El desastre palestino vino a suponer, en un sentido muy real, el fin de la influencia europea en el mundo árabe. El problema palestino había sido creado por Europa, y la incapacidad de los dirigentes europeos para resolverlo no vendría a ser sino un reflejo de la debilidad en que se hallaba sumido el propio continente europeo tras la segunda guerra mundial. Gran Bretaña y Francia saldrían de esa gran conflagración convertidas en potencias de segunda fila. La economía británica estaba hecha jirones tras el esfuerzo bélico, y la moral francesa había quedado conmocionada tras los años de la ocupación alemana. Ambas naciones tenían demasiado que reconstruir en sus propios territorios como para realizar grandes inversiones en el extranjero. El imperio se hallaba en franca retirada, y toda una serie de nuevas potencias habían empezado a dominar el escenario internacional.
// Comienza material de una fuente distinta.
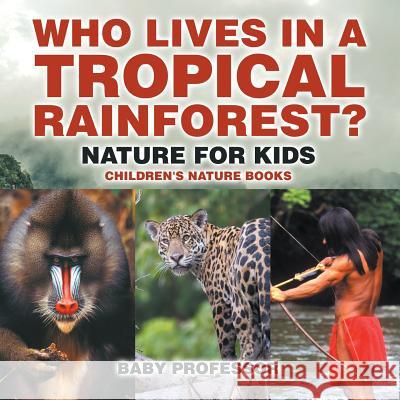 Who Lives in A Tropical Rainforest? Nature for Kids Children's Nature Books Baby Professor 9781541938243 Baby Professor - książka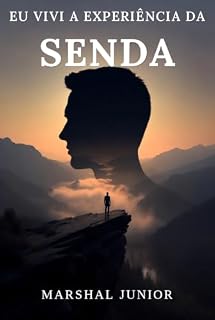 Livro Eu vivi a experiência da Senda: Uma jornada real de autoconhecimento entre guardiões, mestres e a montanha interior
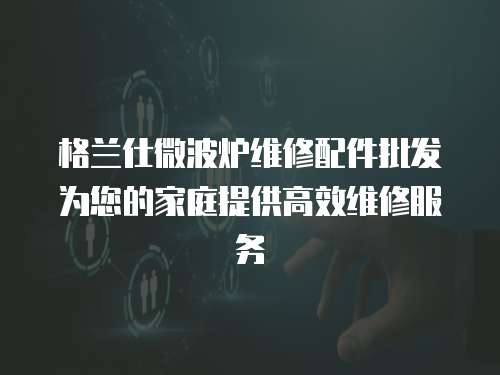格蘭仕微波爐維修配件批發(fā)為您的家庭提供高效維修服務(wù)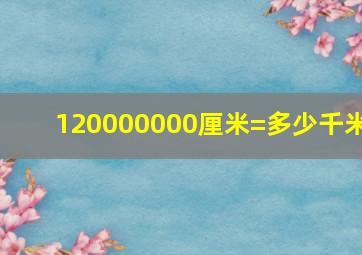 120000000厘米=多少千米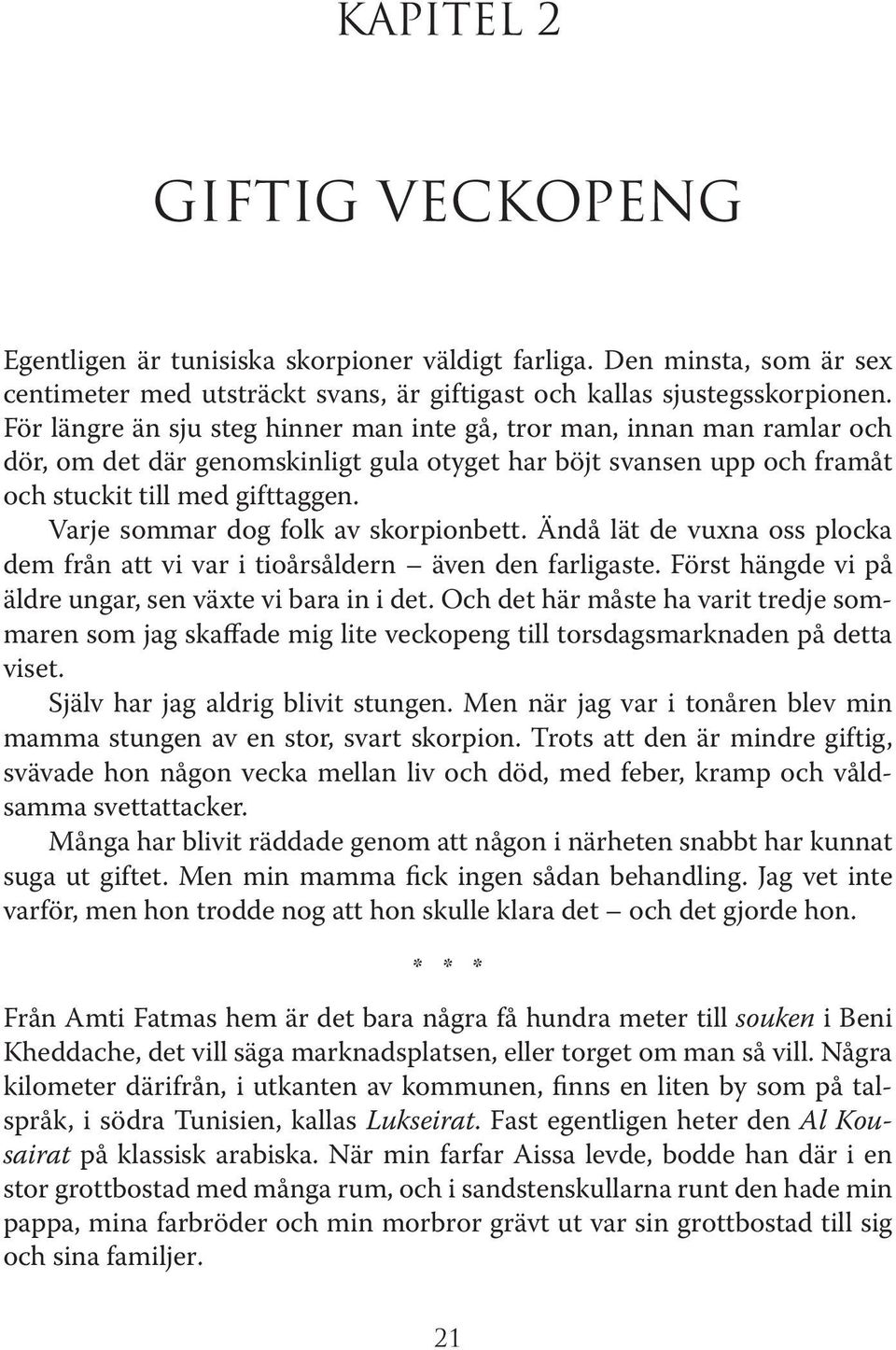 Varje sommar dog folk av skorpionbett. Ändå lät de vuxna oss plocka dem från att vi var i tioårsåldern även den farligaste. Först hängde vi på äldre ungar, sen växte vi bara in i det.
Los jóvenes oficiales que consiguieron alcanzar posiciones de poder en la Siria de 1949, en el Egipto de 1952 o en el Irak de 1958 carecían de vínculos con Gran Bretaña y Francia, así que optaron por poner sus miras en las nuevas potencias mundiales: los Estados unidos y la superpotencia rival, la unión Soviética. La era imperial había llegado a su fin y se inauguraba un nuevo período, definido por la guerra fría. Los árabes iban a tener que adaptarse a un nuevo conjunto de normas.